* How to complete this task
In the material below, find the line that contains "Apartment, 1 Bedroom" and the line that contains "TOKYO, JAPAN - APRIL", then write out exactly those two lines and everything between them.

(Records for this task Opens)

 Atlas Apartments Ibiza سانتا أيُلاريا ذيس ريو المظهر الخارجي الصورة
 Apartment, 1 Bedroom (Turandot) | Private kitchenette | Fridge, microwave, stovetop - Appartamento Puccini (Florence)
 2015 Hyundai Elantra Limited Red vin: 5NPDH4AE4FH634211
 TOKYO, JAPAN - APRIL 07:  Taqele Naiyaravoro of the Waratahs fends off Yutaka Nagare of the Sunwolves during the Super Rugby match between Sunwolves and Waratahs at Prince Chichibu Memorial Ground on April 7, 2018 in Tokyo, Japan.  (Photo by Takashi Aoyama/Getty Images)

(Records for this task Closes)
(Records for this task Opens)

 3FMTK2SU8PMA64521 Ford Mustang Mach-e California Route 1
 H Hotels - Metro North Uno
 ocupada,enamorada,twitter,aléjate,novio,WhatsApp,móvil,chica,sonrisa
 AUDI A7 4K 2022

(Records for this task Closes)

* Result of the exercise
 Apartment, 1 Bedroom (Turandot) | Private kitchenette | Fridge, microwave, stovetop - Appartamento Puccini (Florence)
 2015 Hyundai Elantra Limited Red vin: 5NPDH4AE4FH634211
 TOKYO, JAPAN - APRIL 07:  Taqele Naiyaravoro of the Waratahs fends off Yutaka Nagare of the Sunwolves during the Super Rugby match between Sunwolves and Waratahs at Prince Chichibu Memorial Ground on April 7, 2018 in Tokyo, Japan.  (Photo by Takashi Aoyama/Getty Images)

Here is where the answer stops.